Furthermore, when a fixed tower is used, its size and weight and windage responses are further increased by the necessity of providing access to the antenna for repair and maintenance, since such a tower must be fitted with stairs or ladders, and with work platforms and railings located at the top of the tower.

When prior art towers are used in support of military operations their greater size and weight is particularly detrimental because it decreases their mobility and therefore increases their vulnerability. Often a high degree of mobility with short set-up and tear-down times is the best means of protection against enemy observation and enemy fire. This is especially true during intervals between missions while the radar is not in actual use, whereupon the radar antenna can be retracted so that it is no longer exposed above the terrain where it is in full view and even serves to locate other vulnerable equipment as well as personnel. The conventional tower suffers from the further disadvantage of exposing radar repairmen to enemy fire when they must climb the tower to service or repair the antenna.

THE INVENTION

The present invention provides a mobile radar tower which overcomes the limitations of the conventional fixed radar tower. It comprises a tripod supporting a base structure about which a cylindrical mast is horizontally pivoted so that it can be selectively retracted or erected to occupy either a horizontal position or a raised operational position by actuating an hydraulic cylinder. The mast supports a radar antenna and pedestal drive inside a Radome and includes error sensors which are coupled to a computer which determines orientation of the antenna, compensated for errors in the mast position. The mast base supports a pallet on which workers can stand while servicing the equipment when the mast is retracted to its horizontal position. The tripod and the mast can be reassembled manually into any one of several configurations, one of which is a tranport configuration occupying a minimum of space. The mast includes multiple sections that can be telescoped to different heights, and these sections are made symmetrical in cross-section to minimize windage and thermally induced distortions.

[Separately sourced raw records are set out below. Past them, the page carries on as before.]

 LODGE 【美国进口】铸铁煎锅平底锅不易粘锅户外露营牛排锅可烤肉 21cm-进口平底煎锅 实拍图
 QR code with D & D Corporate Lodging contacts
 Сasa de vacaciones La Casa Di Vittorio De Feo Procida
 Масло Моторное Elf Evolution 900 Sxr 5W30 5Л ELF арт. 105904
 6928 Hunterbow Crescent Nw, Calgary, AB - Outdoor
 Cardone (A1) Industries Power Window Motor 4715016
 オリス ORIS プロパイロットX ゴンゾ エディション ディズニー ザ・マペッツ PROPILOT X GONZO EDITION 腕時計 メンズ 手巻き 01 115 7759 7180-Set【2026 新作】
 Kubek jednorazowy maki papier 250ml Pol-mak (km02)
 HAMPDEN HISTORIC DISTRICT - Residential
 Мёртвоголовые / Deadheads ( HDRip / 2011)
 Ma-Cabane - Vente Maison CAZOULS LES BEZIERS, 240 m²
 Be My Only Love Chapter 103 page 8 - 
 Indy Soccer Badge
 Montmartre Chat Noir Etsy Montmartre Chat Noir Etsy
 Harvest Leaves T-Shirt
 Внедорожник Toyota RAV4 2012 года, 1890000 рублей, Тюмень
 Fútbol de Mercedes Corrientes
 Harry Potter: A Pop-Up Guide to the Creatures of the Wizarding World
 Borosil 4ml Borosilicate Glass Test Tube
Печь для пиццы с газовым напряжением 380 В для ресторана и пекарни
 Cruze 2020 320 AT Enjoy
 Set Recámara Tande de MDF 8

It is the object of this invention to provide a mobile radar tower which is much lighter in weight than conventional towers, is easily transported, quickly and easily erected or retracted, and can be easily reassembled in compact form for transport. It can be moved between erected and retracted positions by one man in less than two minutes, thereby making it protectable between missions without loss of its usefulness when needed. When retracted, the radar antenna is in a convenient position to be serviced or repaired by personnel standing on the ground or on the pallet, thereby obviating need to climb the tower or to increase its weight or decrease its symmetry by the inclusion of stairs, ladders or work platforms with rails at the top of the tower. The tower is so constructed that when erected the mast is returned nearly exactly to the same azimuth rotational position each time, after being retracted, using special keyways and keys for locating the mast with respect to its supporting base, the hinge pivot being relatively loose.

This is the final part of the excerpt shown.